For each country, in the database, we will calculate
- total number of customers
- total value of sales
- average value of sales per customer
- average order value

In [6]:
%%sql

/* linking customer and invoice tables */
WITH cst_inv AS
(
    SELECT 
        CASE
            WHEN
                (
                    SELECT COUNT(*)
                    FROM customer
                    WHERE country = cst.country
                ) = 1 THEN 'Others'
            ELSE cst.country
        END AS country_col,      
        cst.customer_id,
        SUM(inv.total) total,
        COUNT(inv.invoice_id) no_orders
    FROM customer cst
    INNER JOIN invoice inv ON cst.customer_id = inv.customer_id
    GROUP BY cst.customer_id
)

SELECT 
    country_col,
    COUNT(customer_id) total_no_customers,
    ROUND(SUM(CAST(total AS FLOAT)), 2) total_sales_USD,
    ROUND(SUM(CAST(total AS FLOAT)) / COUNT(customer_id), 2) avg_sales_customer,
    ROUND(SUM(CAST(total AS FLOAT)) / SUM(no_orders), 2) avg_order_val/* average order value = total sales / no of orders */
FROM
    (
        SELECT *,
            CASE
                WHEN country_col = 'Others' THEN 1
                ELSE 0
            END AS sort
        FROM cst_inv
    )
GROUP BY country_col
ORDER BY sort, 2 DESC;
    

Done.


country_col,total_no_customers,total_sales_USD,avg_sales_customer,avg_order_val
USA,13,1040.49,80.04,7.94
Canada,8,535.59,66.95,7.05
Brazil,5,427.68,85.54,7.01
France,5,389.07,77.81,7.78
Germany,4,334.62,83.66,8.16
United Kingdom,3,245.52,81.84,8.77
Czech Republic,2,273.24,136.62,9.11
India,2,183.15,91.57,8.72
Portugal,2,185.13,92.56,6.38
Others,15,1094.94,73.0,7.45


Everything looks good, except that there are many countries with only a single customer. It would be be good to
- Club all the countries with only a single customer into `Others` category
- This `Others` category should be listed at the last of the table

### Observations:
- By far, USA generates the bulk of sales followed by Canada and Brazil.
- It is interesting to know that countries of UK, Czech Republic and India have higher average sales / customer and average order values. However, it has to be noted that there are very few samples for these countries to formulate any kind of hypotheses.
- If we have some money, small surveys could be carried out in these countries to generate more data to make an informed decision

## 6. Business decision to change purchase strategy : Albums vs Individual Tracks
The Chinook store is setup in a way that allows customer to make purchases in one of the two ways:
- purchase a whole album
- purchase a collection of one or more individual tracks.

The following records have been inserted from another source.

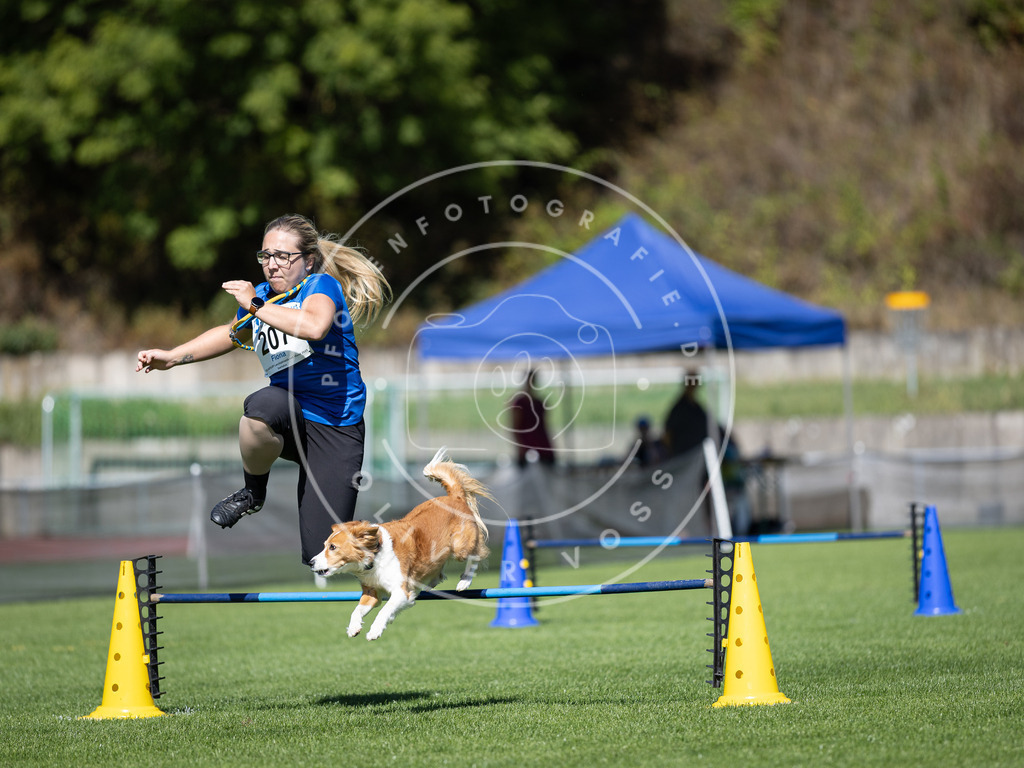 Pfotenfotografie_DV3A5118 | Hundefotografie, Tierfotograf, Pfotenfotografie, Fotoshooting Hund, Hunde Portrait, Hundesport, Hundeportraits, Heideshooting, Hunde, Sportfotograf, Hundefotograf, Turnierhundsport, THS,  - Realisiert mit Pictrs.com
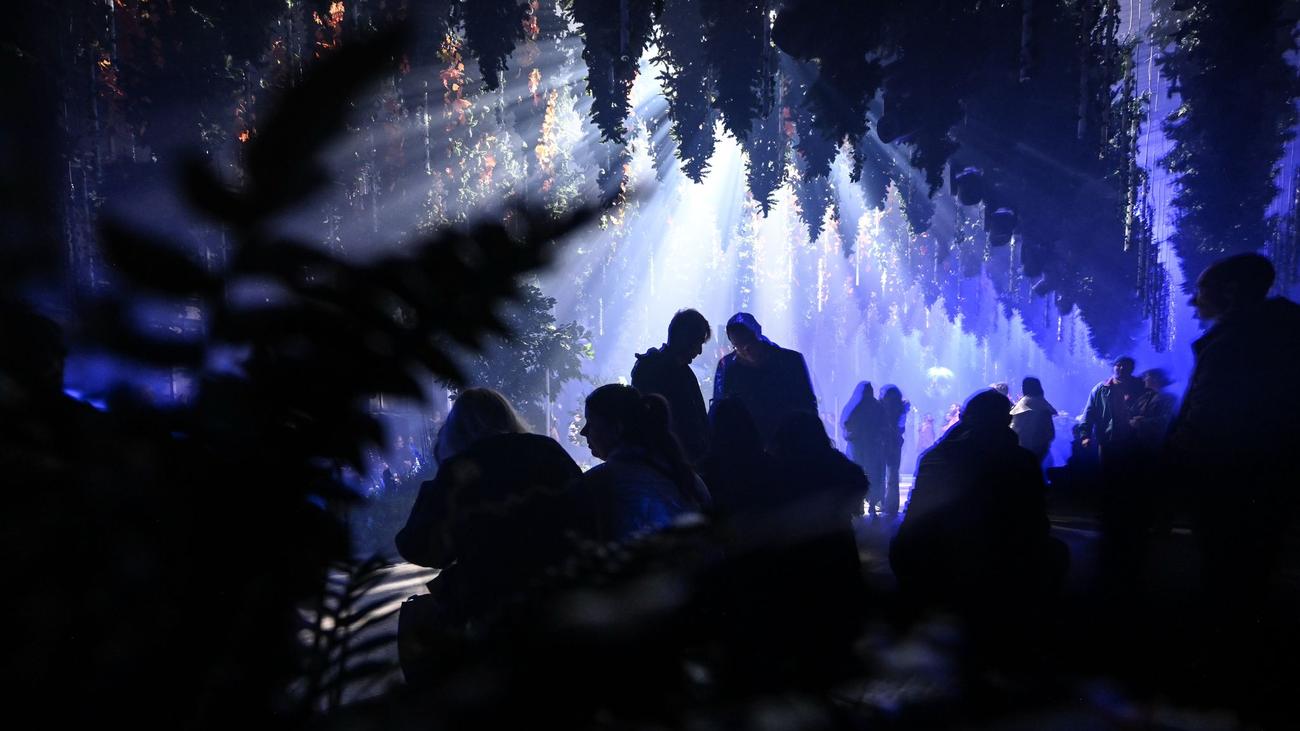 Ausstellung: "Forest Seasons": Neue Lichtinstallation im Berliner Osten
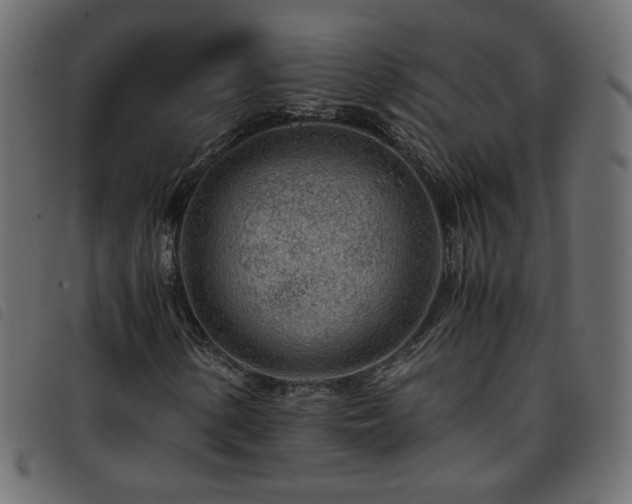 X0000093771154200710161236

The store does not let customers purchase a whole album, and then add individual tracks to that same purchase (unless they do that by choosing each track manually). When customers purchase albums they are charged the same price as if they had purchased each of those tracks separately.

**Possible business strategy**:

Management are currently considering changing their purchasing strategy to save money. The strategy they are considering is to purchase only the most popular tracks from each album from record companies, instead of purchasing every track from an album.

We are asked to give our recommendation.

**Assumption**:

It is very common when we are performing an analysis to have 'edge cases' which prevent us from getting a 100% accurate answer to the question. In this instance, we have two edge cases to consider:
- Albums that have only one or two tracks are likely to be purchased by customers as part of a collection of individual tracks.
- Customers may decide to manually select every track from an album, and then add a few individual tracks from other albums to their purchase.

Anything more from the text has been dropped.